Suasana sekolah biasanya identik dengan keceriaan siswa, suara riuh belajar, dan tawa di sela-sela istirahat. Namun, bagaimana jadinya ketika sekolah berubah menjadi "zona proyek" karena sedang ada perbaikan atap atau renovasi ruang kelas?Â
Alih-alih hanya menjadi cerita ringan, kondisi ini bisa menyimpan risiko besar, terutama bagi keselamatan siswa dan guru yang tetap beraktivitas di lingkungan sekolah.
Sekolah yang Berubah Wajah
Rehab atap ruang kelas adalah kebutuhan nyata. Banyak sekolah di Indonesia masih menggunakan bangunan lama, dengan genteng yang rapuh, kayu penyangga lapuk, atau bocor saat hujan. Perbaikan tentu mutlak dilakukan agar proses belajar mengajar berjalan nyaman.
Namun, selama proses perbaikan berlangsung, wajah sekolah berubah. Tumpukan material bangunan seperti genteng, kayu, dan pasir menghiasi halaman. Debu bertebaran di udara, paku berserakan di tanah, hingga suara bising peralatan tukang kerap menyela konsentrasi belajar. Tidak jarang, kelas yang masih digunakan berada persis di sebelah ruangan yang sedang diperbaiki.
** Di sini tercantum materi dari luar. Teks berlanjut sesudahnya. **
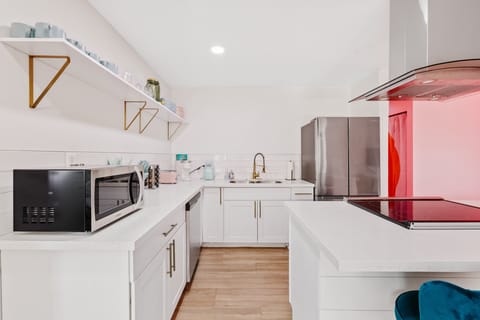 Sleek kitchen w/ clean lines, white cabinetry, & modern appliances.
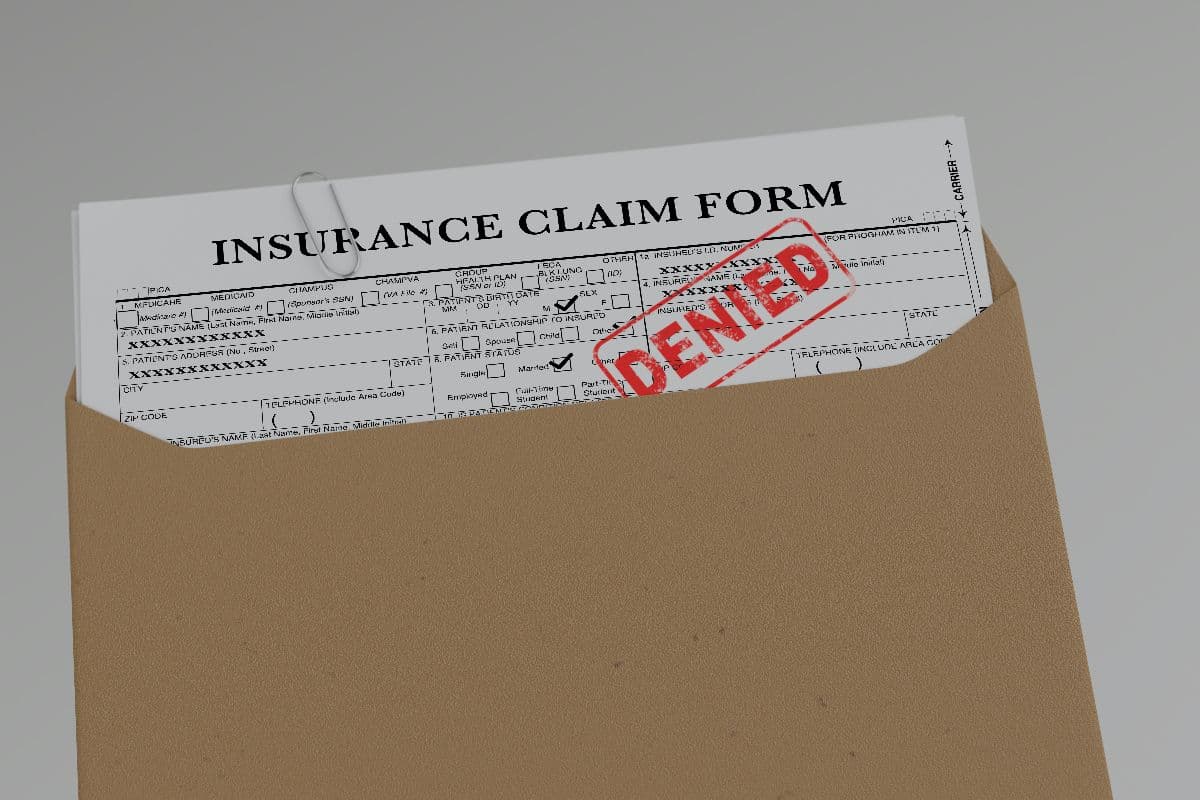 Document with denied stamp put on the wooden table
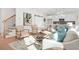 Open concept living room with hardwood floors, comfortable seating and kitchen view at 2048 Chicago Nw Ave, Atlanta, GA 30314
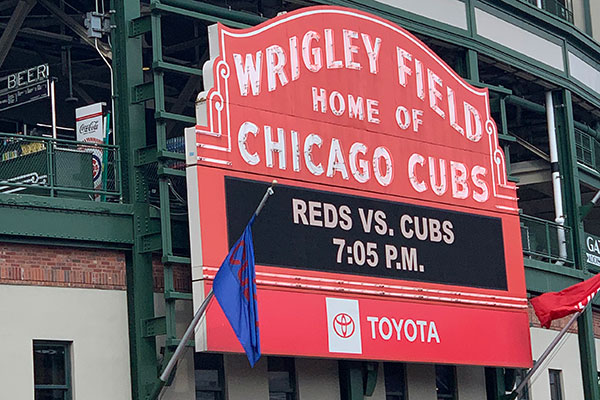 Wrigley Field Marque reads Reds vs. Cubs 7:05 p.m.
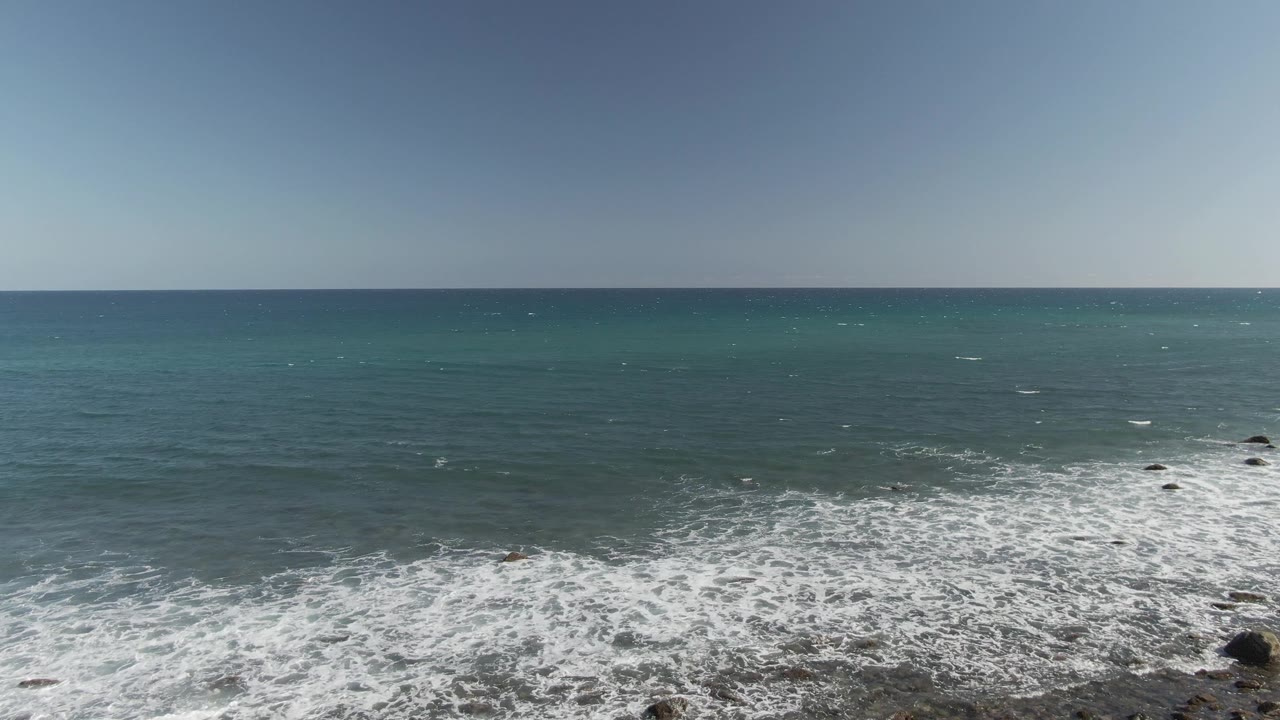 At Costa Azul Los Cabos, the foam line pushes across the lower right rocky foreground while small offshore rocks break the surface, with no visible people.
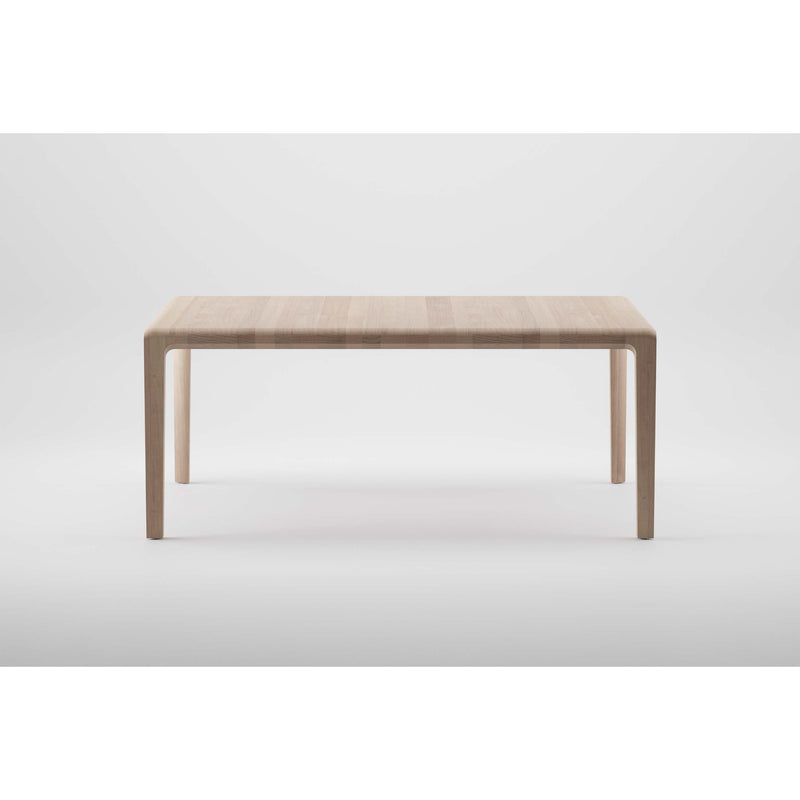 The INVITO Table by Artisan is a minimalist piece crafted from solid wood with a light grain finish. Featuring a rectangular top and four straight legs, it highlights the use of eco-friendly materials against a plain white background.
Di sinilah risiko mulai muncul. Sekolah yang sejatinya menjadi ruang aman justru berubah menjadi area penuh potensi bahaya.
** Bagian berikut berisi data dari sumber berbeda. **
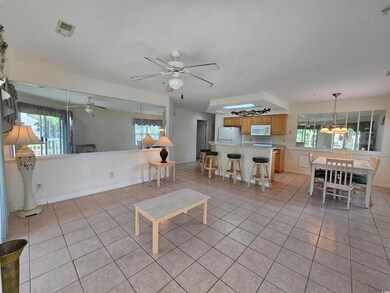 Living area with ceiling fan and light tile patterned flooring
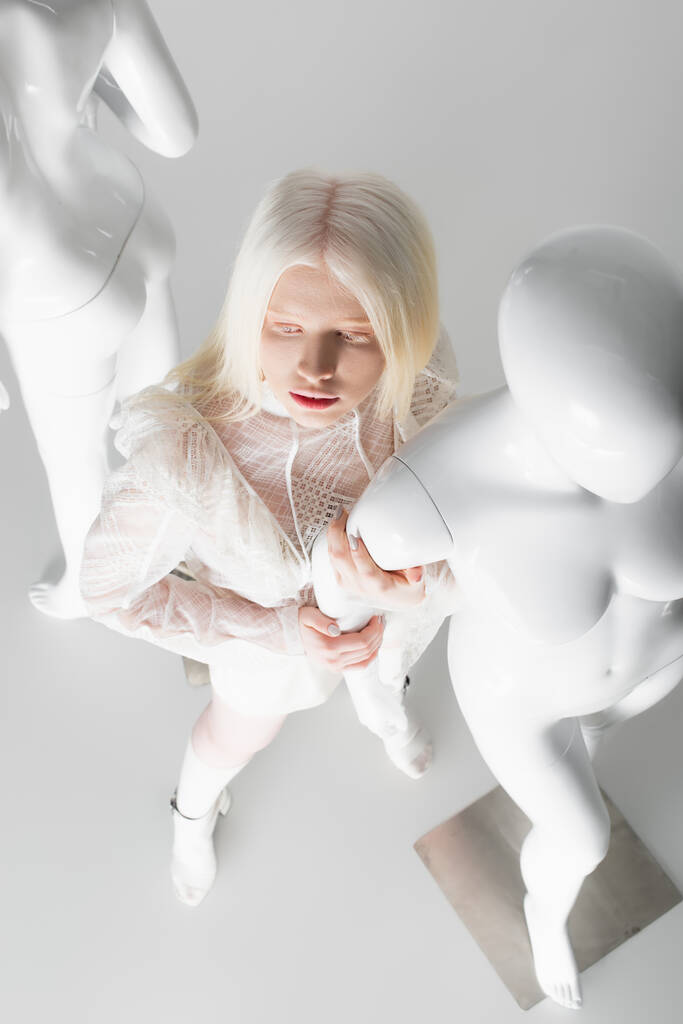 Vue aérienne de femme albinos touchant mannequin sur fond blanc  - Photo, image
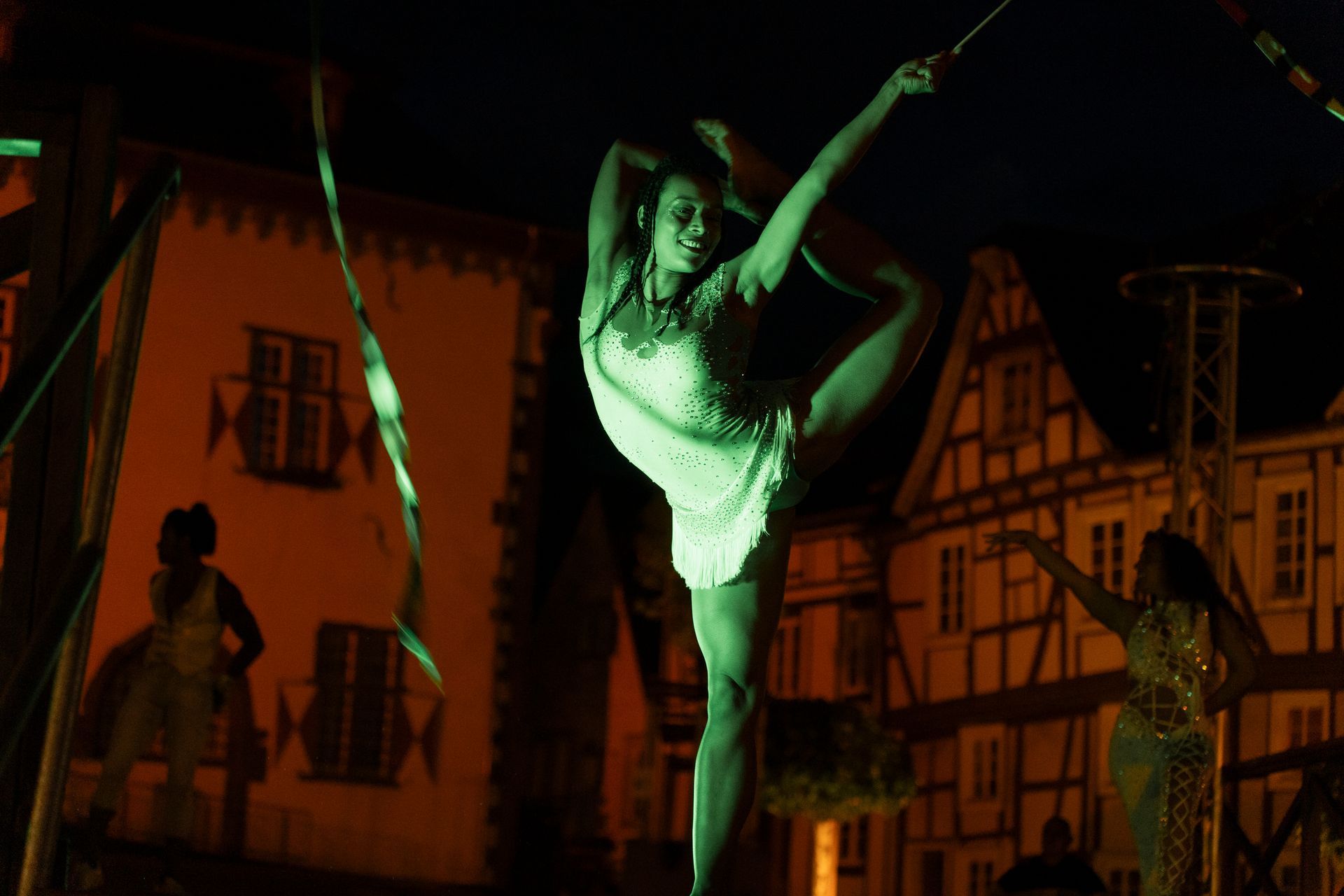 Street scene: People pose with a giant butterfly costume. A woman takes a photo.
Risiko yang Sering Dianggap Sepele
Banyak orang berpikir bahaya di proyek bangunan hanya soal jatuhnya genteng atau robohnya material besar. Padahal, risiko kecil pun bisa berdampak serius.
- Debu dan serpihan dapat menyebabkan gangguan pernapasan, batuk, hingga iritasi mata.
- Paku dan pecahan genteng yang terinjak bisa melukai siswa, bahkan berisiko infeksi.
- Peralatan tukang yang dibiarkan terbuka bisa membahayakan jika disentuh atau dimainkan siswa yang penasaran.
- Area licin atau penuh serpihan membuat risiko terpeleset semakin besar.
Hal-hal ini kerap dianggap sepele, padahal dampaknya bisa panjang. Seorang anak yang kakinya tertusuk paku, misalnya, tidak hanya menimbulkan luka fisik, tapi juga trauma psikologis.